Ya… thrifting nggak lagi soal hemat. Tapi soal identitas.
3 Studi Kasus yang Bikin Kamu Ngelihat Thrift Beda
1. Pasar Thrift Bandung (2026)
Pedagang di daerah ini melaporkan kenaikan harga rata-rata 30–60% dibanding 2 tahun lalu.
Kaos band yang dulu 25 ribu, sekarang bisa tembus 80 ribu kalau “edisi langka”.
2. Komunitas Thrift Jakarta Selatan
Sebuah komunitas resale kecil malah mulai menerapkan sistem “drop curated”. Barang nggak lagi ditumpuk, tapi dirilis seperti sneaker release.
Aneh? Iya. Tapi laku keras.
3. Marketplace Online Indonesia
Data internal salah satu platform resale menunjukkan peningkatan transaksi item second branded sebesar 2,4x sejak 2025.
Yang menarik, barang murah justru lebih lama laku dibanding item “mahal tapi estetik”.
LSI Keywords yang Nyambung ke Tren Ini
- slow fashion Indonesia
- harga baju bekas naik
- tren thrifting 2026
- fashion second hand
- gaya hidup minimalis anak muda
Jadi ini masih thrifting atau sudah berubah total?
Kalau ditanya jujur… ini udah bukan thrifting yang dulu.
Dulu: cari murah, unik, acak.
Sekarang: cari curated, aesthetic, dan punya “cerita”.
Makanya muncul arah baru: slow fashion.
Bukan lagi soal beli sebanyak mungkin dengan murah. Tapi beli lebih sedikit, lebih sadar, lebih tahan lama.
Dan ya, ini agak bertolak belakang sama alasan awal orang masuk thrifting.
Kesalahan yang sering dilakukan pemburu thrift sekarang
Banyak orang masih mentalnya “harga murah = wajib beli”.
Padahal sekarang nggak gitu lagi.
Beberapa kesalahan umum:
- Beli karena FOMO, bukan kebutuhan
- Gagal cek kualitas karena terlalu fokus harga
- Nganggap semua barang thrift itu “murah seharusnya”
- Nggak ngerti kalau curated thrift itu beda pasar
Tips biar kamu nggak kaget sama harga thrift sekarang
- Jangan ke thrift dengan mindset “harus murah”
- Fokus ke kualitas & wearable value, bukan cuma harga
- Cek pasar online sebelum datang offline
- Kalau niat hemat, bandingkan dengan fast fashion dulu (serius ini penting)
Kadang kita masih kebawa memori lama, di mana thrift = murah banget. Tapi realitanya berubah pelan-pelan, hampir nggak kerasa.

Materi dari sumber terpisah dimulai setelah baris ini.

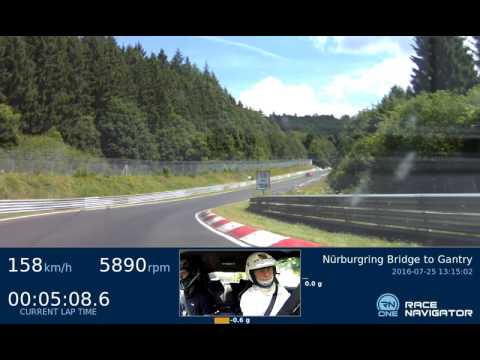 Nordschleife Ideallinie mit Instruktor E92 M3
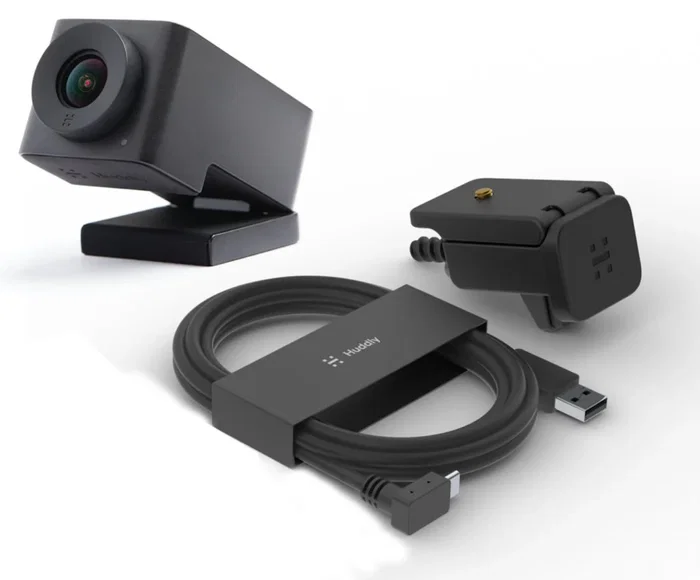 Huddly IQ Cámara web con micrófono Full HD 1920x1080 12MP Sensor CMOS 150° USB-C Negro
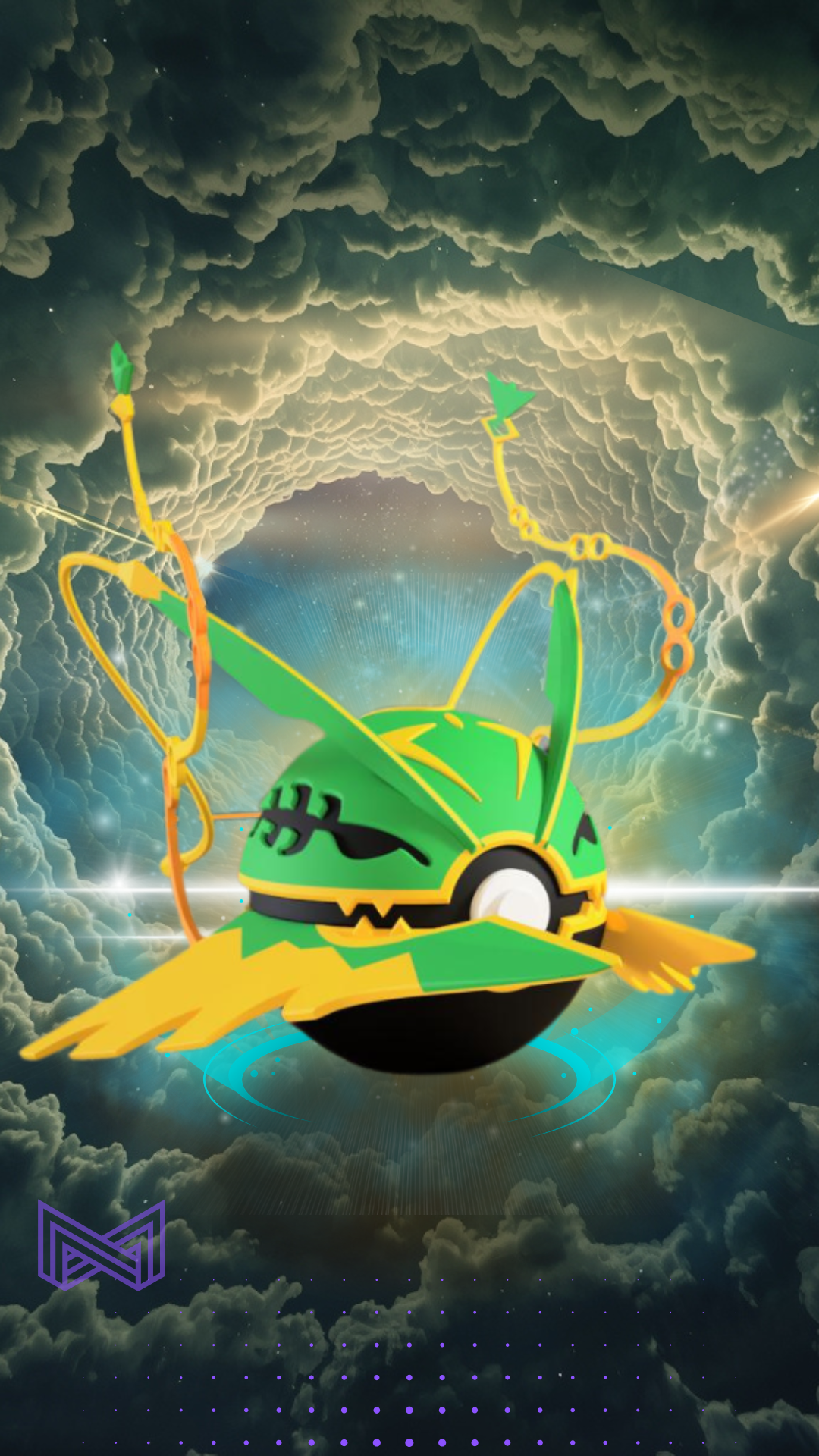 #384 - Mega Rayquaza
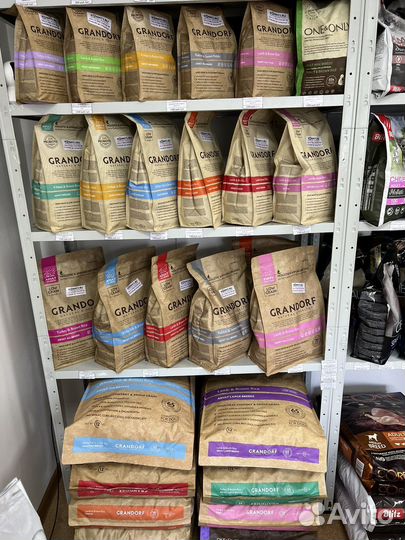 Корма Grandorf в наличии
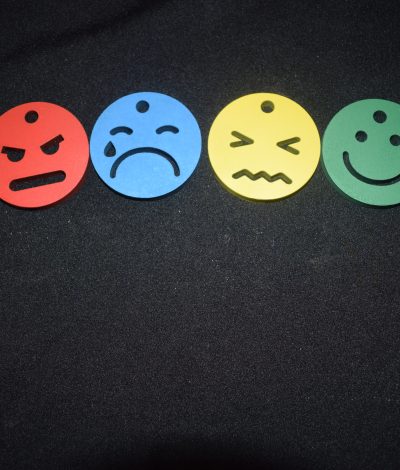 Emotion Faces Keychain Set - Great To Help Little One Express There Feelings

Dan mungkin kamu juga pernah mikir, “kok sekarang jadi mahal ya?”
Itu wajar. Karena sistemnya memang sudah geser.
Penutup
Fenomena baju bekas lebih mahal bukan sekadar inflasi biasa, tapi perubahan cara orang memandang fashion.

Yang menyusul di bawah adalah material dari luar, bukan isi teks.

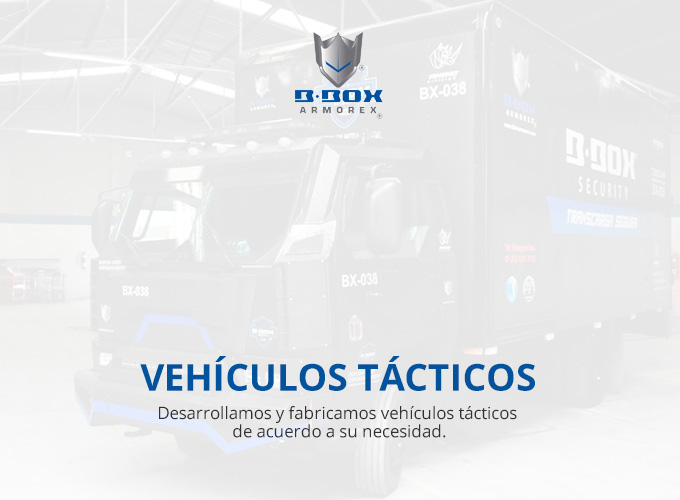 BBOX ARMOREX | Blindaje para Transporte, Ejecutivo y Táctico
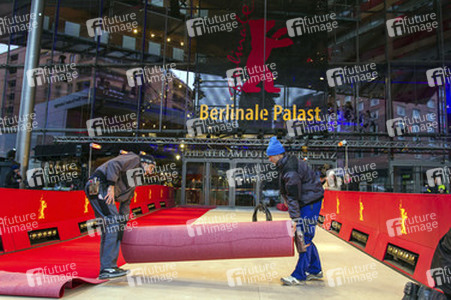 Vorbereitungen zur Berlinale 2015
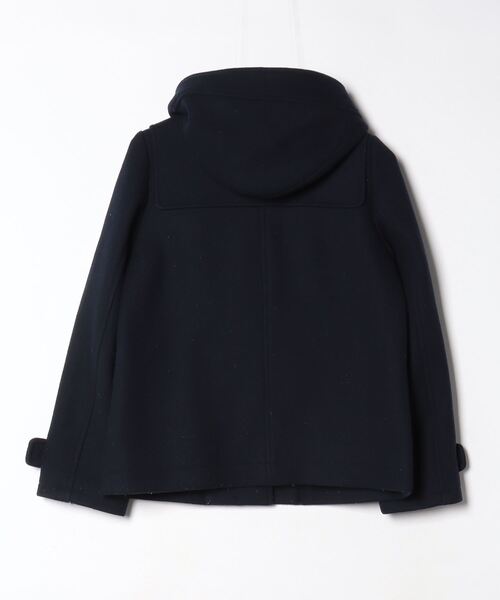 「Ray BEAMS」 ダッフルコート 1 ネイビー レディース_画像2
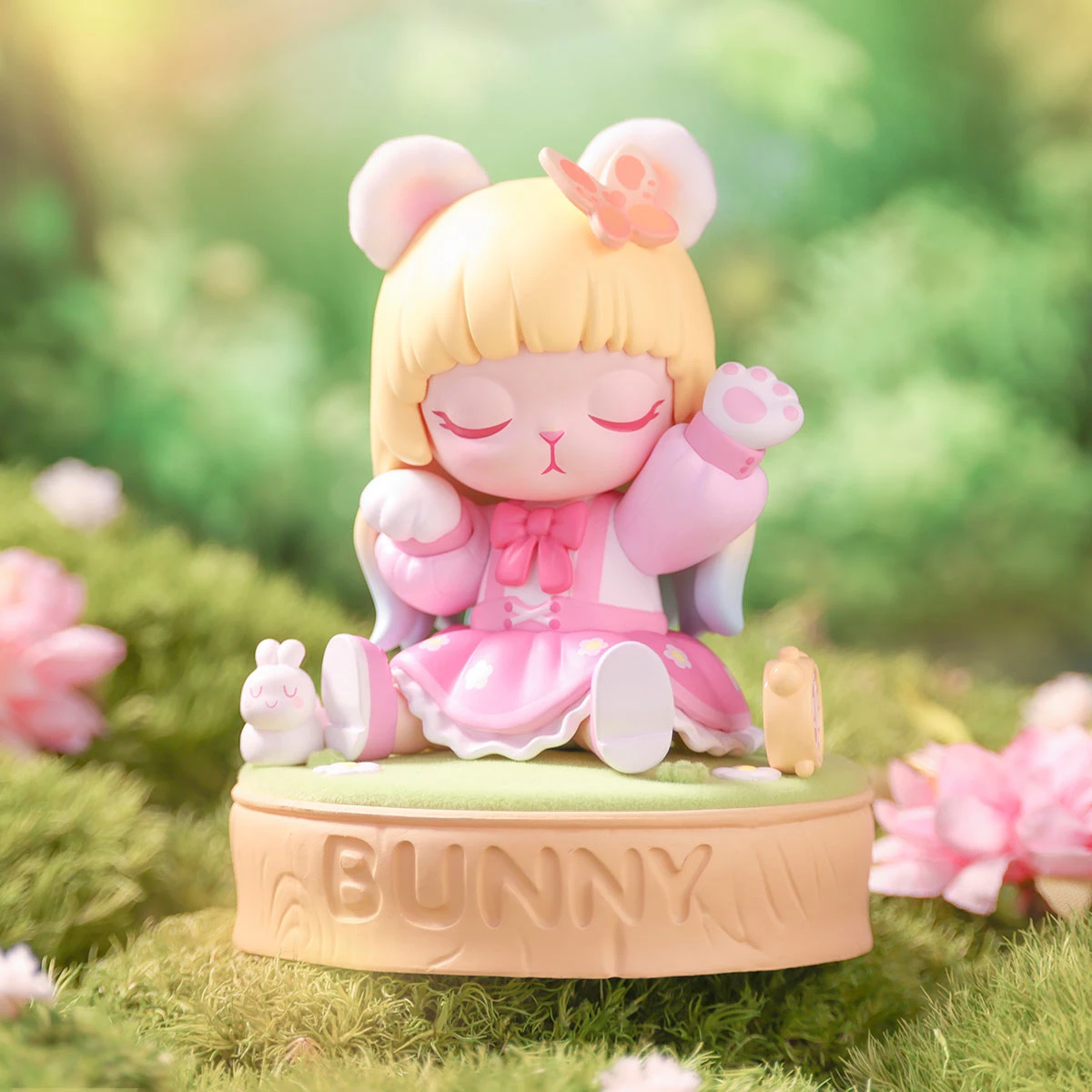 BUNNY Pink Sweetheart Figurine 4 BUNNY Pink Sweetheart Figurine - Image 4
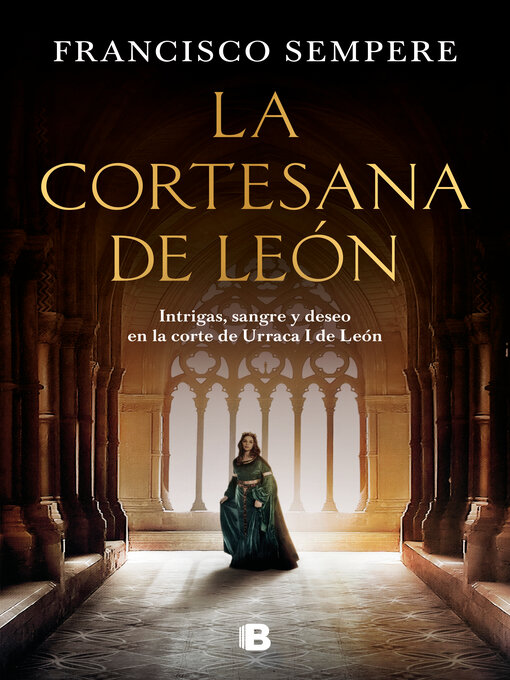 Title details for La cortesana de León by Francisco Sempere - Wait list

Thrifting nggak hilang. Tapi dia berubah bentuk.
Dan kalau kamu masih pakai cara lama untuk baca pasar baru… ya pasti bakal kaget terus.
Di titik ini, mungkin bukan lagi soal “bisa dapet murah atau nggak”, tapi soal kamu mau main di level thrifting yang mana sekarang.